Aleijou mais que uma bofetada

Quem passou alguns anos no Seminário, encontra sempre pormenores, impossíveis de fugirem da memória porque, registados de modo indelével e que tanto nos tocaram, trouxeram para a vida um traquejo e orientação, nos diversos planos do nosso dia-a-dia, hoje.

Ninguém nos incentivou a escrever um diário pessoal, pois, se acaso alguém o tivesse sugerido, quantos factos reais poderiam ser narrados, ajudando com outra cor e sentido a nossa vida em todo o estado e lugar.

Muitos episódios dos tempos de antigamente foram, com certeza, alicerces na modelação e solidez de personalidades adultas.

Lembro, a propósito, a exigência de quem nos educava nos valores, em relação ao zelo da nossa roupa e calçado, à higiene pessoal corporal, ao asseio e ordenamento do nosso quarto e livros, ao cumprimento das regras e horários, ao porte singular e de atenção aos outros, ao espírito de respeito para com superiores e colegas e milhentas outras coisas e atitudes que todos ainda recordaremos, de verdade.

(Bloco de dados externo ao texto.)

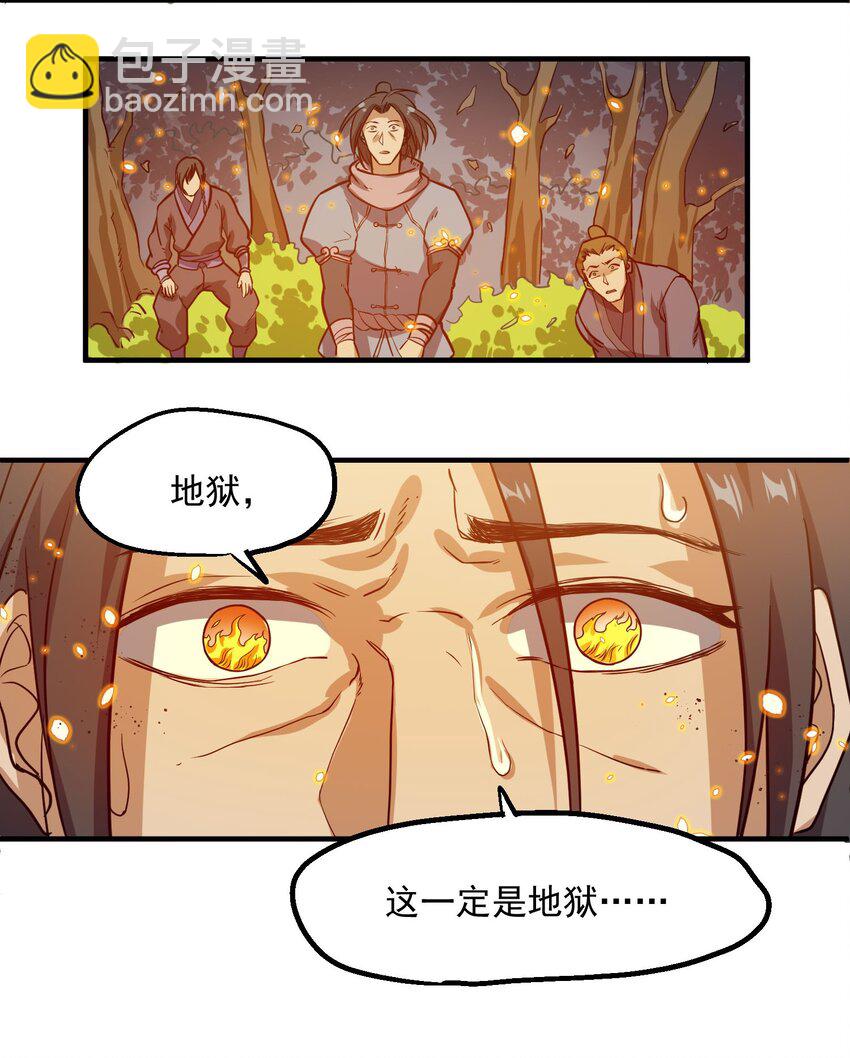 041 山谷-第42话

Na altura, éramos capazes de exibir cara de poucos amigos e remorder, entre dentes, um desassombro vaidoso. Nas nossas idades actuais, porém, mastigamos a saudade desses anos, enquanto nutrimos o nosso agir com aquilo que aprendemos e ficou registado no disco rígido deste computador – o mais bem construído em toda a sociedade – que é o subconsciente humano.

O que me proponho contar pretende ser homenagem insofismável e sincera a quem, outrora, sempre estava à nossa beira, mesmo com alguns beliscões de que não gostávamos.

Desde pequenitos, cada dia ou semana, eram escalados os encarregados de na Copa recolher os tabuleiros com a merenda dos alunos e trazê-los até ao recinto de recreio onde todos, fazendo fila ordeira, pegavam o que lhes cabia por direito.

Não sou muito apaixonado – nunca fui – por doces, mas pelo chocolate sou um doido – e que Deus me perdoe.

Ora, num determinado dia, estando eu de serviço, o pãozinho do lanche trazia um naco de chocolate.

Como não chegara a hora do “ataque” e eu me julgava “sozinho”, esvaziei um dos pães e “compus” o meu com duas doses que imediatamente asilei no bolso daquela bata de ganga que envergávamos.

É evidente que um “pobre” colega iria recolher o seu pão vazio. Ninguém estranho descortinara por perto, quando me “abasteci”. Mas, na verdade, um “anjo” viu tudo e silenciou, esperando a vez do condenado ao pão seco. Vendo a cara desapontada desse meu companheiro, abeirou-se e perguntou-me: «Se tivesses sido tu a experimentar esta situação, ficavas bem?» «Não», respondi eu, já muito envergonhado e ruborizado. Voltou: «Então dás o pão, que escondeste no bolso, ao teu amigo e tu, hoje, nada comes».

Rasgou-se a cara do colega num sorriso alargado na contemplação daquele maná reforçado e eu trouxe para a vida a lição, nunca esquecida, mais pesada que uma bofetada que tivesse levado naquele minuto.

Na realidade, sempre evoco na vida: – a cada um aquilo a que tem direito por justiça e merecimento.

Obrigado, Padre Manuel Rei. Que o Senhor Deus, com Quem vive, lhe pague o quanto me ensinou e, em tempo nenhum, deixei de lembrar.